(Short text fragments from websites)
--- START ---

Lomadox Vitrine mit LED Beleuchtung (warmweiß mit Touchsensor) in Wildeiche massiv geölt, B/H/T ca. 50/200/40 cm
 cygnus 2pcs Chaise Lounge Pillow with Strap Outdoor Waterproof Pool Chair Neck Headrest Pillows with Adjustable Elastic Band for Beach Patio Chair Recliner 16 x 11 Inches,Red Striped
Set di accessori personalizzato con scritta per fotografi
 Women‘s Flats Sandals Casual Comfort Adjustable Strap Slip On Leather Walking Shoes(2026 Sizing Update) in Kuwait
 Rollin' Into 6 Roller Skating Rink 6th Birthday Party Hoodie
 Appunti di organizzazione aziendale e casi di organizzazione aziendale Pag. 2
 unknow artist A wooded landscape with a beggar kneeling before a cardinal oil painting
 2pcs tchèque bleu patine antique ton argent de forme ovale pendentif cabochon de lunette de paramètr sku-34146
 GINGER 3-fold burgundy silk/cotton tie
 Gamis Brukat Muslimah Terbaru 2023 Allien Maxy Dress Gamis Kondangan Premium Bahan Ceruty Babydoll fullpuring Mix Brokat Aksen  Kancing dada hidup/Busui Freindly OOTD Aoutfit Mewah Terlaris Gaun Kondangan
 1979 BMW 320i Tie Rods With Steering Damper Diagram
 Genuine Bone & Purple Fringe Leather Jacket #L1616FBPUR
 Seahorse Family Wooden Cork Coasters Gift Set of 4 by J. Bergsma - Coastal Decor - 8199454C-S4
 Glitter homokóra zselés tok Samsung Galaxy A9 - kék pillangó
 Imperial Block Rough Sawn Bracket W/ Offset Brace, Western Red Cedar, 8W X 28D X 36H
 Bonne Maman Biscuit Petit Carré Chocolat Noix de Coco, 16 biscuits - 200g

--- END ---

WHAT IS BEING ASKED:
Would you set down all of the entries again, word for word?

REPLY TO THE EXERCISE:
Lomadox Vitrine mit LED Beleuchtung (warmweiß mit Touchsensor) in Wildeiche massiv geölt, B/H/T ca. 50/200/40 cm
 cygnus 2pcs Chaise Lounge Pillow with Strap Outdoor Waterproof Pool Chair Neck Headrest Pillows with Adjustable Elastic Band for Beach Patio Chair Recliner 16 x 11 Inches,Red Striped
Set di accessori personalizzato con scritta per fotografi
 Women‘s Flats Sandals Casual Comfort Adjustable Strap Slip On Leather Walking Shoes(2026 Sizing Update) in Kuwait
 Rollin' Into 6 Roller Skating Rink 6th Birthday Party Hoodie
 Appunti di organizzazione aziendale e casi di organizzazione aziendale Pag. 2
 unknow artist A wooded landscape with a beggar kneeling before a cardinal oil painting
 2pcs tchèque bleu patine antique ton argent de forme ovale pendentif cabochon de lunette de paramètr sku-34146
 GINGER 3-fold burgundy silk/cotton tie
 Gamis Brukat Muslimah Terbaru 2023 Allien Maxy Dress Gamis Kondangan Premium Bahan Ceruty Babydoll fullpuring Mix Brokat Aksen  Kancing dada hidup/Busui Freindly OOTD Aoutfit Mewah Terlaris Gaun Kondangan
 1979 BMW 320i Tie Rods With Steering Damper Diagram
 Genuine Bone & Purple Fringe Leather Jacket #L1616FBPUR
 Seahorse Family Wooden Cork Coasters Gift Set of 4 by J. Bergsma - Coastal Decor - 8199454C-S4
 Glitter homokóra zselés tok Samsung Galaxy A9 - kék pillangó
 Imperial Block Rough Sawn Bracket W/ Offset Brace, Western Red Cedar, 8W X 28D X 36H
 Bonne Maman Biscuit Petit Carré Chocolat Noix de Coco, 16 biscuits - 200g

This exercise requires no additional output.